Community Shares investing alongside the Community Ownership Fund
Matched equity investments can help communities access a recently re-opened government fund, so there’s a strong case to inject further money into boosting community share offers like we do with the Booster Fund in England...
At the Community Shares Unit at Co-operatives UK, we recently relaunched the Booster Fund. This is our unique way of supporting community business to raise funds and build a membership through community shares.
To date, through the Booster Fund, we have invested over £3m as withdrawable share capital in more than 50 community led organisations. We have supported many more with advice and development grants. Our ‘equity match’ helps boost share offers, and it builds momentum as the community invests alongside us.

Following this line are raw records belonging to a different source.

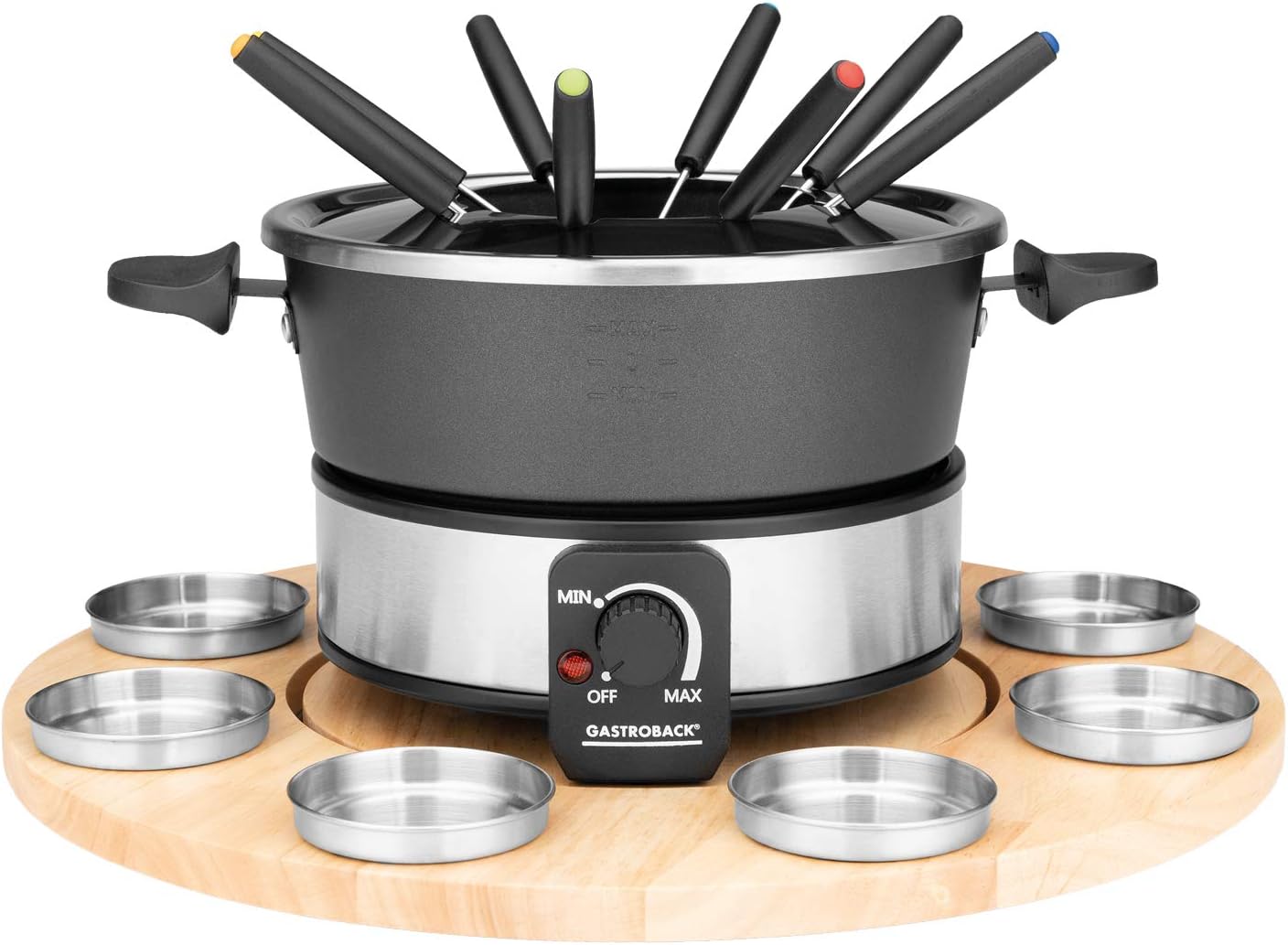 GASTROBACK 42566 Elektrisches Fondue Set mit Drehteller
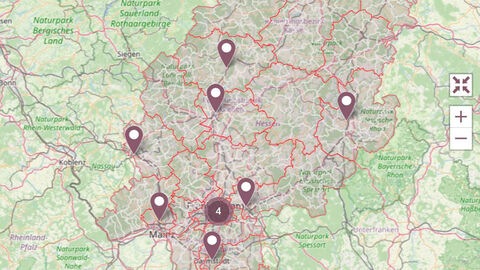 Standort-Karte der hessischen Staatsanwaltschaften Karte mit Markierung der Standorte von hessischen Staatsanwaltschaften.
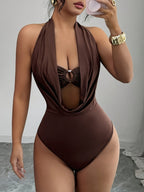 New Women's Solid Color Fashionable Summer Halter Neck Hollowed-out Bodysuit, Sexy Backless Tight-fitting Bodysuit, Slim Fit Bodysuit - 【Brown】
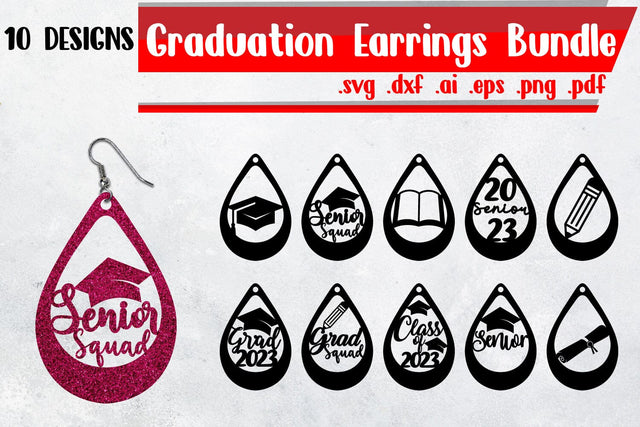 Graduation | Class of | Senior Earrings Bundle SVG zafrans studio 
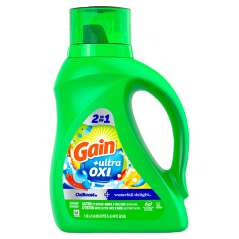 GAIN LIQUID DETERGENT 10 OZ ULTRA OXI 6 LOADS WATERFALL DELIGHT 2-IN-1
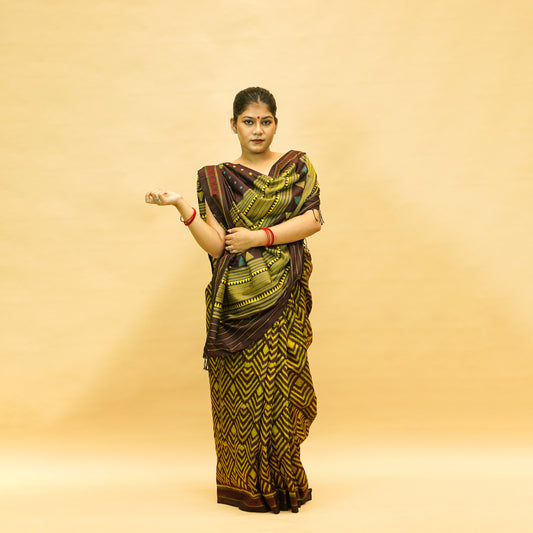 Dark Brown & Yellow Mulberry Silk Odisha Ikat Saree with Zig-Zag Border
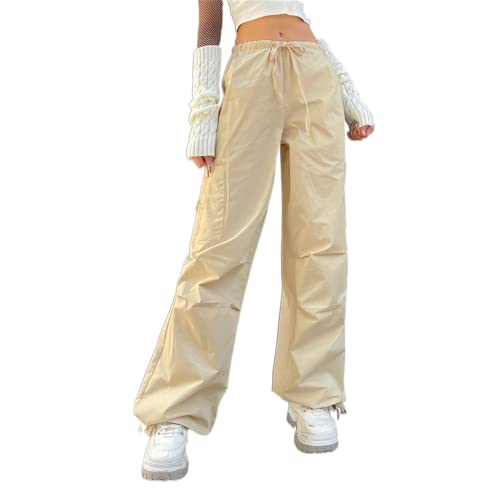 Cargohose Damen Baggy High Waist Weites Bein Hose Y2K Parachute Cargo Pants...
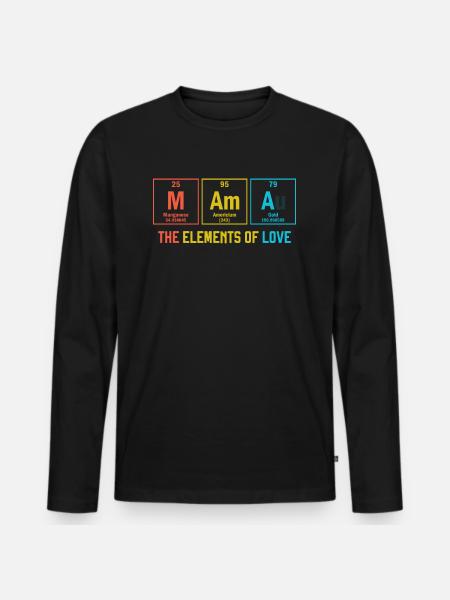 Mama Elementer af kærlighed periodisk bord mor - Premium økologisk langærmet T-shirt til mænd - sort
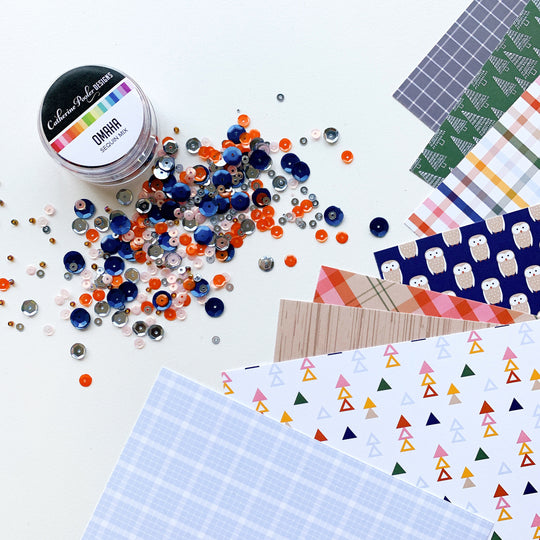 Woodsy Patterned Paper next to Omaha sequins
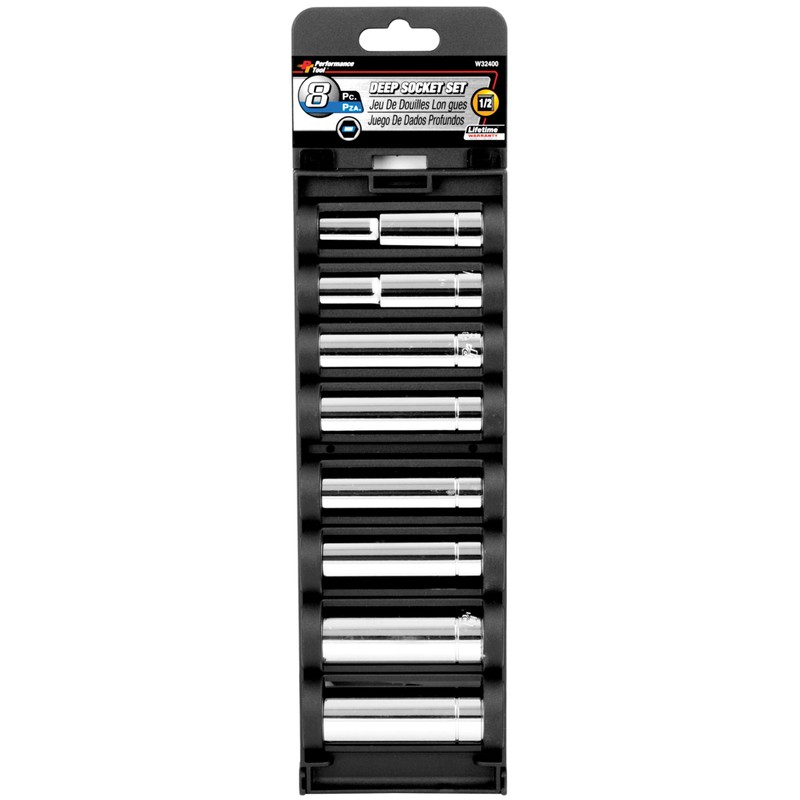 Performance Tool W32400 8-Piece 1/2-Inch Drive Metric Deep Socket Set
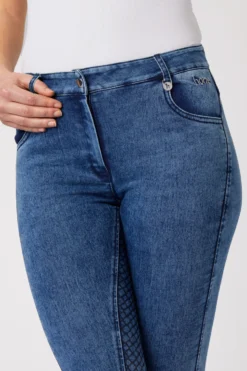 Horze Delia Women's Denim Silicone Full Seat Breeches -Equestrian Supplies 36697 LDB 5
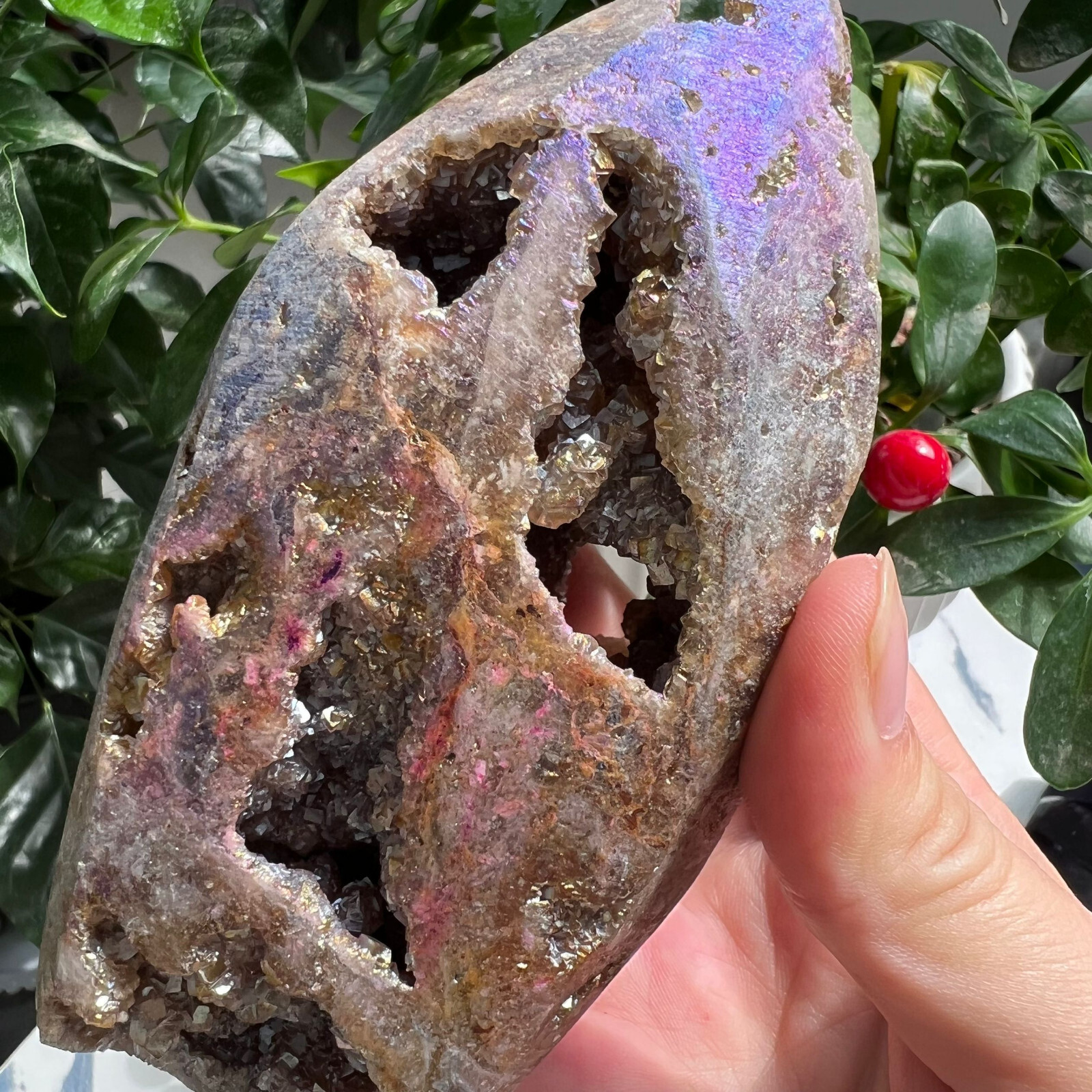 663g Sphalerite Geode Freeform Point Titanium Angel Aura Quartz Mineral Specimen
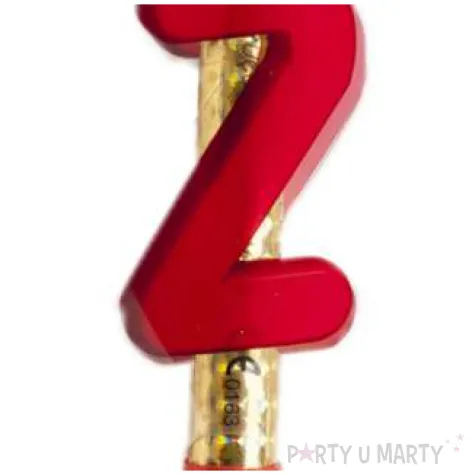 fontanna tortowa cyfra 2 urodziny zlota dekora 12 cm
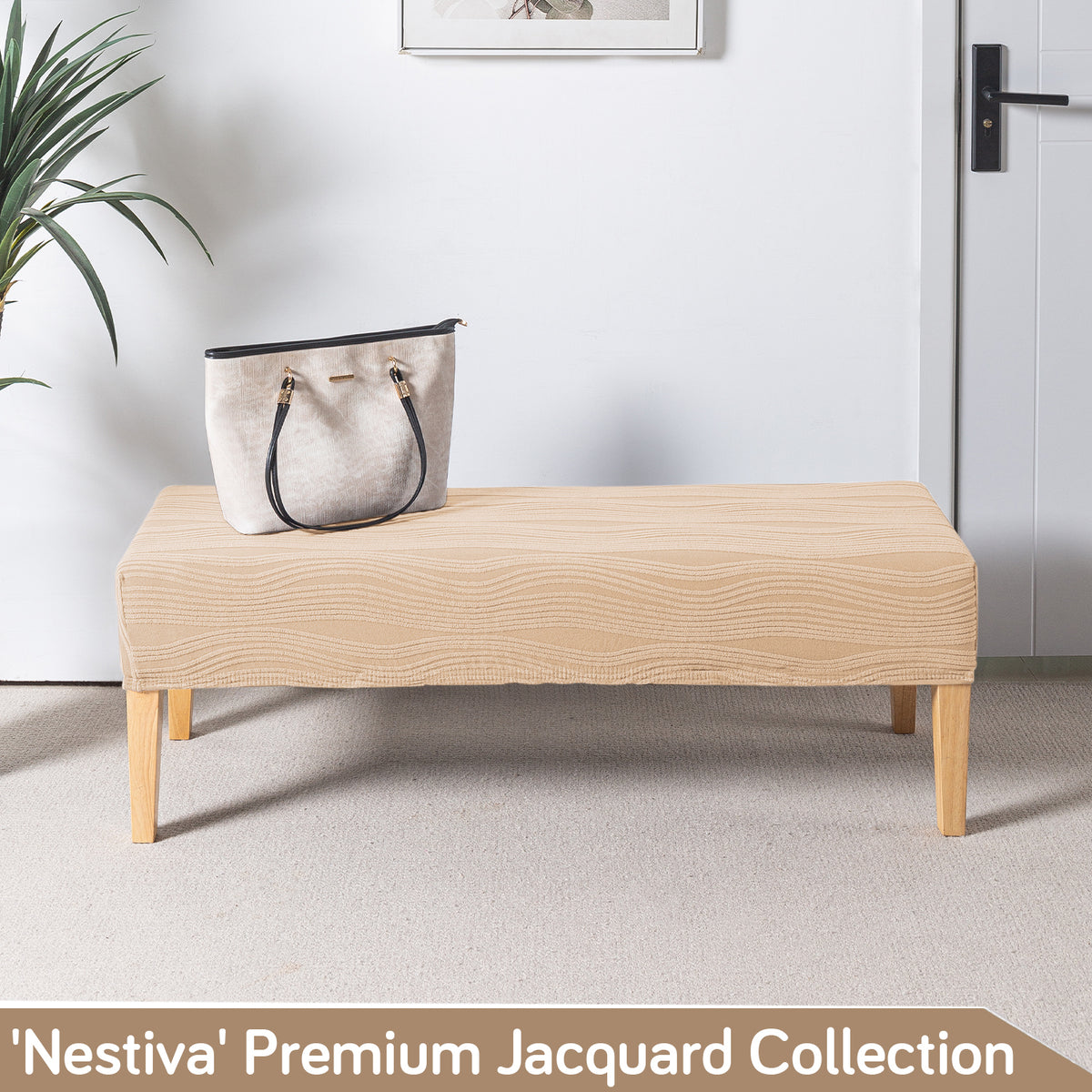 Nestiva Series 200gsm Knitting Jacquard Bench Cover - Blush Beige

Many of our investees are raising money to buy physical assets in their community – much loved land and buildings that local people care about. These usually provide a whole range of services, activities and space for building social capital and community infrastructure – something noted as vital in the recent Levelling Up White Paper.
The government has recognised the importance of this work with their £150m Community Ownership Fund (COF). This fund has just reopened, offering grants up to £250,000. Community Shares Unit partners have fed back suggestions to improve the Fund from round one. It is good to see more flexibility, with more time to draw down the grant and requirements for past community use.
One Fund criteria is still the need for match investment. We know there is a limit to the amount of debt many projects can afford, as well as lenders’ appetites to offer debt to early stage projects without a track record.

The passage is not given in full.